Mosley's Czech mate

In a radio programme in Prague, in the Czech Republic, the FIA's Radovan Novak has suggested to Radio Impuls's interviewer Vaclav Moravec that McLaren might be responsible for the sex scandal that has thrown the FIA into turmoil in the last few weeks. The comments were picked up by various other media outlets in the Czech Republic.

The interview, which is available on the Internet, is in Czech and, obviously, there are complications arising from exactly what was said, but there is no doubt that Novak referred to people who might have a motive because of the large fines imposed by the FIA.

When asked if he was referring to McLaren, Novak said "Ano treba, McLaren", which can be translated various ways, but means "yes, for example" or "yes, perhaps".

Whatever the exact wording, McLaren reacted in what can be described as a robust fashion.

"We have written to Mr Novak and are currently considering the appropriate route via which the remarks that have been attributed to him may be withdrawn or corrected," said McLaren boss Ron Dennis.

Dennis went on to deny Novak's suggestion in no uncertain terms.

"As I have consistently said whenever I have been asked about this, I categorically deny that I have anything to do with the News of the World investigation into Mr Mosley," he said. "Neither does anyone connected with the McLaren Group or the Vodafone McLaren Mercedes team, and neither does any agent or any other party acting on behalf of myself or anyone connected with the McLaren Group or the Vodafone McLaren Mercedes team."

It is a substantial denial.

The FIA is making no comment about Novak's interview.

For a leading figure in FIA politics to have made any public suggestion about the matter is odd, even if Novak was playing up his own importance for the local media and thought that no-one would pick up a story from a Czech radio station.

He is a significant player in Max Mosley's world, not perhaps as the general-secretary of the Autoclub of the Czech Republic (ACCR), but rather as President of the FIA's Central European Zone (CEZ).

Close scutiny of Mosley's FIA reveals that certain delegates wield considerable regional power. The Asia Pacific Rally Championship is run by Nazir Hoosein; Derek Ledger holds the powerful role of Middle East representative; Venezuela's Enzo Spano is in charge of an organisation called the North America, Central America and Mexico (NACAM) and the FIA's African Region coordinator Surinder Thatthi runs the Confederation of African Countries in Motorsport.

Novak is regarded as one of Mosley's select group of regional "fixers", his zone being made up of Austria, Bosnia-Herzegovina, Croatia,

Czech Republic, Hungary, Italy, Macedonia, Montenegro, Poland, Serbia, Slovenia and Slovakia.

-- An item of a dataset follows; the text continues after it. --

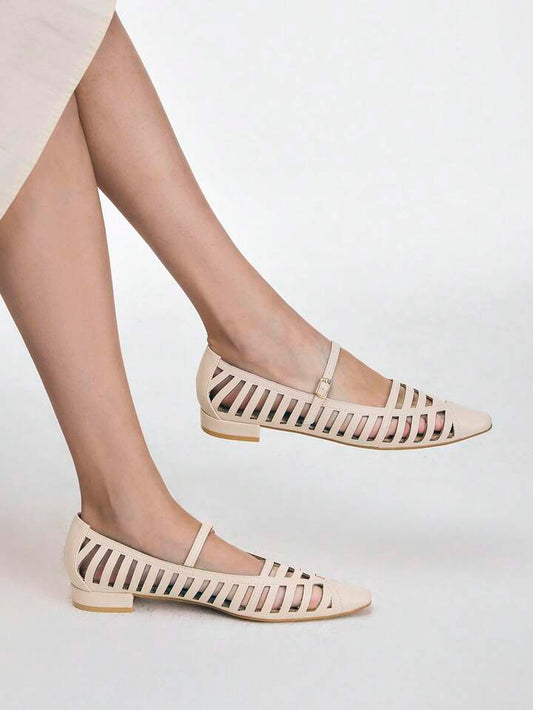 CM-SHS954548 Women Trendy Seoul Style Minimalist Hollow Pointed Toe Flats - Beige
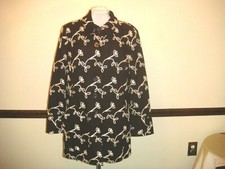 Nwot Focus By Shani Embroidered Fully Lined 3/4 Length Jacket Brown/ivory Xlarge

The FIA-CEZ has its own trophies for autocross, circuit racing (including historic racing), hillclimbs, karting, rallying, rallycross and slaloms.

Novak has been a member of the World Council since 1997 and is seen as a fervent Mosley supporter. At the last FIA presidential election delegates were offered a secret ballot so they could register any opposition with anonymity.

"None of the delegates wanted to take up the offer," the FIA reported in its Automotive magazine. "Instead, Radovan Novak from the Czech Republic, stood and requested a vote of acclamation. The delegates responded with warm applause."